Wednesday, March 14, 2007
Popham Beach this past weekend in forty degree weather.
My twelve-year-old son asked, “Mommy, what do you want for your birthday?”
“I don’t really need anything. Maybe a nice card.”
“Could you be more specific?”
“More specific than a card?”
“A card? I thought you said ‘a nice car.’ Some people need a new car to help themselves through a midlife crisis.”
“What?! That’s exactly what I do not need: absolutely no mention of midlife crises. Forty isn’t that old.” We both doubled over in laughter, which was exactly what I did need.
I’m not too happy about turning 40 this month. There’s nothing wrong with my life: great kids, happy marriage, good friends, nice home and I love my work. That’s the key: work. Big birthdays are benchmarks, and my book isn’t in print yet. No “young writer” awards for me, but I have at least written a good book. It just took longer than I had anticipated to reach this point in my profession.

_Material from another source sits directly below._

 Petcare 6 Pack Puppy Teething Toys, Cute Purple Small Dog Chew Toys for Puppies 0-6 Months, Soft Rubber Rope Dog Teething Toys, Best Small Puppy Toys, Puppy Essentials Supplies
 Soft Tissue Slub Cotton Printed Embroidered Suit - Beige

I don’t regret the time I took off from career to raise my young children and to care for my husband during a two-year health crisis. Those were really important times for my family and for me. I grew a lot and gained appreciation for what I have. My writing voice matured through the experiences.
I didn’t even realize I was a writer until I had something to write, and now that I’ve started, I have so much more to say. There are decades to write all the other books in my head, and my kids only get easier and more independent every year. My husband is in good health again too.
I woke the morning I turned 40 with a sense of relief that nothing bad had happened despite my dread, like looking out the window after a storm or down to find my toes for the first time in weeks after giving birth. There's a sense of accepting who I am rather than of being what someone else expects. As a writer, my identity is inside not on the surface. And yet I still feel just a little sad as if I've lost something, despite Henry's poached eggs and our daughter's sweet card.
Why is 40 so hard? I spoke to a good friend who had just done it last year. She’s a successful doctor with two healthy kids and a strong marriage. They live in the most beautiful home, but even she was not satisfied. She wished she had time to pursue her creative side and publish children’s poetry. Knowing her, she probably will, but she hadn’t by 40.
Most women make trade-offs between career and family, and those who do it all are inundated. Then along comes the big birthday. Even with the balls juggled competently in the air, we only see the one ball that dropped and rolled away.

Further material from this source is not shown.